─── RECORD SET ───

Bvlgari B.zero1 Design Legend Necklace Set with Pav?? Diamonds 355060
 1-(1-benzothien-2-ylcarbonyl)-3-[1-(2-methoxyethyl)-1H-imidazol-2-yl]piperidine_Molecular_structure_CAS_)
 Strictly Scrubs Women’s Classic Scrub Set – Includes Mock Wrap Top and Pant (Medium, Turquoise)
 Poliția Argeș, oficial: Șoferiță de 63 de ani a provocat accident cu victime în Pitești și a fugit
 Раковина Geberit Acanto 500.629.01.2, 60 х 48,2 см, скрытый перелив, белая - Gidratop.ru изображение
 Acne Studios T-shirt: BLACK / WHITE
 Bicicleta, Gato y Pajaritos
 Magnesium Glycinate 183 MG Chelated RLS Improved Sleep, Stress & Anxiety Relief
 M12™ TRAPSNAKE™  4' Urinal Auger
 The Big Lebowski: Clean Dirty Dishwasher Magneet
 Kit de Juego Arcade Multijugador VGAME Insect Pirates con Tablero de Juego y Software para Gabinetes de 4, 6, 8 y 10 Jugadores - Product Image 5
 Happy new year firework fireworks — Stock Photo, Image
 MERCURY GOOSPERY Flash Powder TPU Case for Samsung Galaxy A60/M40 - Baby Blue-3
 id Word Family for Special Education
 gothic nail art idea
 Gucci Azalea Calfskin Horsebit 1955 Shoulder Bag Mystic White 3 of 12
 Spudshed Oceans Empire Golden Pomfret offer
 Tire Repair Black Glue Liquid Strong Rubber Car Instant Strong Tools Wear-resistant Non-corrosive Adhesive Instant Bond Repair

───

* ASSIGNMENT *
Could you quote, exactly as they appear, the line containing "id Word Family for Special Education" and every line after it to the end of the records above?

* REPLY TO THE TASK *
 id Word Family for Special Education
 gothic nail art idea
 Gucci Azalea Calfskin Horsebit 1955 Shoulder Bag Mystic White 3 of 12
 Spudshed Oceans Empire Golden Pomfret offer
 Tire Repair Black Glue Liquid Strong Rubber Car Instant Strong Tools Wear-resistant Non-corrosive Adhesive Instant Bond Repair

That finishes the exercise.